Mirror-enhanced plasmonic nanoaperture for ultrahigh optical force generation with minimal heat generation

TL;DR

This paper introduces a mirror-enhanced plasmonic nanoaperture design that achieves high optical forces with minimal heat, enabling advanced light-matter interaction applications like SERS and nanoparticle trapping.

Contribution

The study presents a novel reflector layer in DNH plasmonic tweezers that enhances field strength while reducing heating at resonance, improving trapping and sensing capabilities.

Findings

Significantly increased electric field enhancement at resonance.

Reduced plasmonic heating through heat dissipation in the reflector layer.

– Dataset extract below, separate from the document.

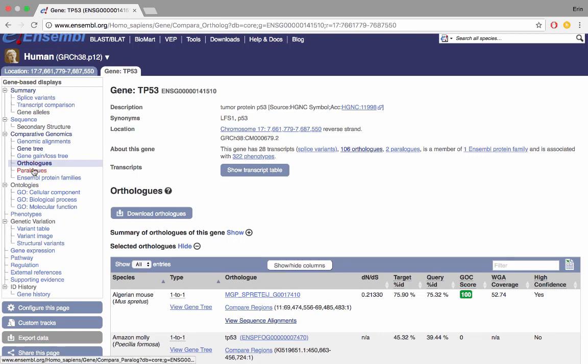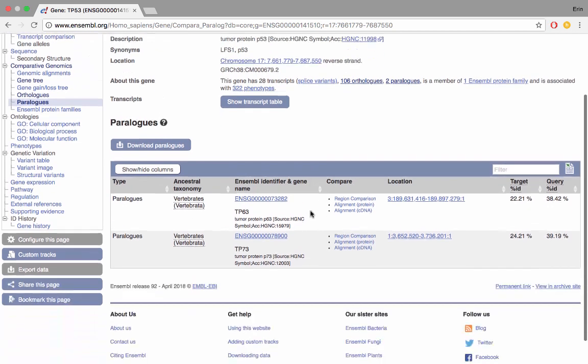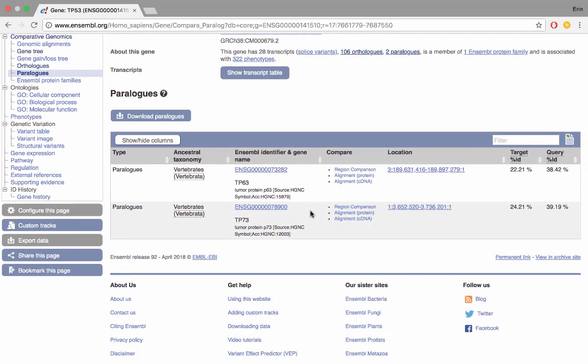We've had a look at orthologs now let's move on to paralogs. What we have here is a list of genes that have evolved from duplication at some point in the past alongside TP53. These are called TP63 and TP73 and we have options to view region comparisons, protein and cDNA alignments as well as to view these genes directly in Ensembl. Similar to the ortholog table we also have target ID and query ID.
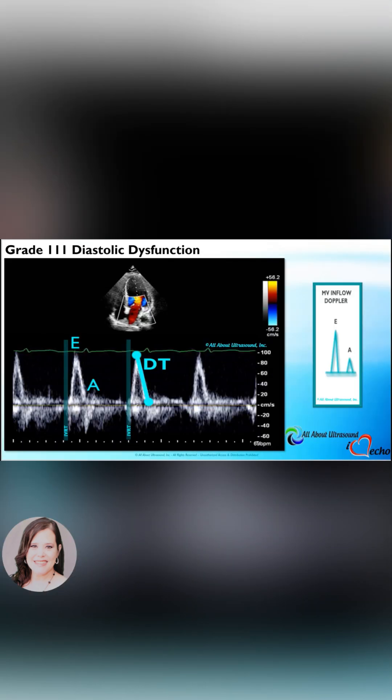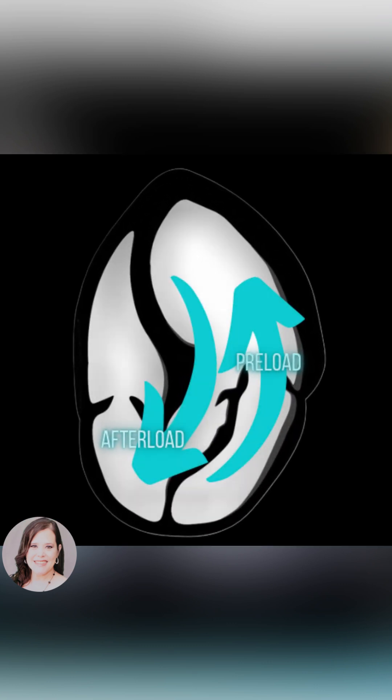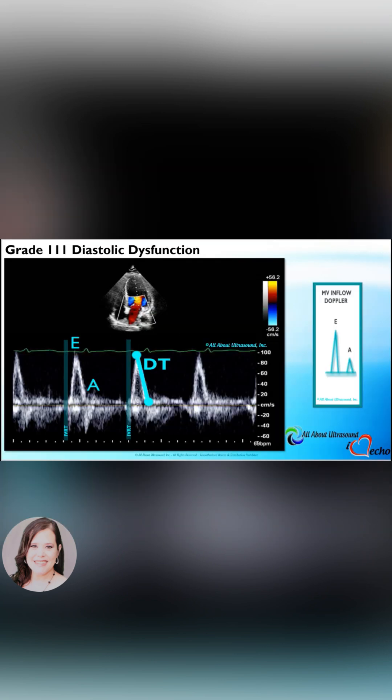You'll have an opposite effect from the pseudonormal pattern, where the Valsalva maneuver would actually reduce the left atrial pressure as it unloads the ventricle. Patients with this restrictive filling pattern may actually revert to a pseudonormal pattern because the unloading of the ventricle causes a significant drop in filling pressure.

Successful low-power trapping of small extracellular vesicles.

Abstract

Double Nanohole Plasmonic Tweezers (DNH) have revolutionized particle trapping capabilities, enabling trapping of nanoscale particles well beyond the diffraction limit. This advancement allows for the low-power trapping of extremely small particles, such as 20 nm nanoparticles and individual proteins. However, to mitigate the potentially amplified effects of plasmonic heating at resonance illumination, DNH plasmonic tweezers are typically operated under off-resonance conditions.Consequently, this results in a decrease in optical forces and electric field enhancement within the plasmonic hotspot, which is undesirable for applications that require enhanced light-matter interaction like Surface Enhanced Raman Spectroscopy (SERS). In this study, we present a novel design for DNH plasmonic tweezers that addresses these limitations and provides significantly higher field enhancements. By introducing a reflector layer, on-resonance illumination can be achieved while significantly reducing plasmonic heating.This reflector layer facilitates efficient dissipation of heat both in-plane and axially. Furthermore, the integration of a reflector layer enables a redistribution of hotspots via Maxwell's boundary conditions for metals, creating more accessible hotspots optimal for applications that require enhanced light-matter interaction. We also demonstrate low-power trapping of small extracellular vesicles using our novel design, thereby opening possibilities for applications such as SERS and single photon emission that require intense light-matter interaction.